Aim of the Work: To evaluate the effectiveness of the posterior subtenon triamcinolone acetonide [PSTA] alone or formulated in the treatment of macular edema caused by central or branch non-ischemic retinal vein occlusions.
Patients and Methods: Our study included 78 patients, divided into two groups; Formulated PSTA group and PSTA alone group, each of them 39 patients. The NAGATA subtenon cannula was used to administer 40 mg of triamcinolone acetonide [TA] to both groups via the posterior subtenon channel.

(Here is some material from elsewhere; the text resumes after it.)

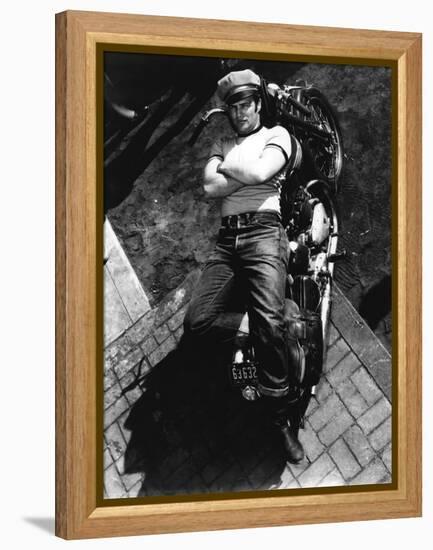The Wild One, Marlon Brando, Directed by Laszlo Benedek, 1953-null-Framed Stretched Canvas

Results: At one month, the BCVA improved from 0.4 [0.1 - 0.71] at the baseline to 0.80 [0.10-1.00] in the formulated group, unlike PSTA alone group which was no improvement. This was associated with a reduction in the CMT in the formulated group more than in the PSTA alone group. In the third month, the BCVA increased to 0.90 [0.20-1.00] in formulated group and remain constant in the sixth month. However, in PSTA alone group, the improvement in the BCVA started occurring in the third month which increases from 0.40 [0.10-0.90] at the baseline and the first month to 0.60 [0.20-1.00] in the third month and 0.80 [0.20-1.00] at sixth month. No elevation in the IOP in both groups.
Conclusion: We found that formulated TA is more efficacious than TA alone in improving BCVA and lowering CMT in patients with ME related to Non-Ischemic RVO when administered early in the disease process, without causing any elevation in intraocular pressure.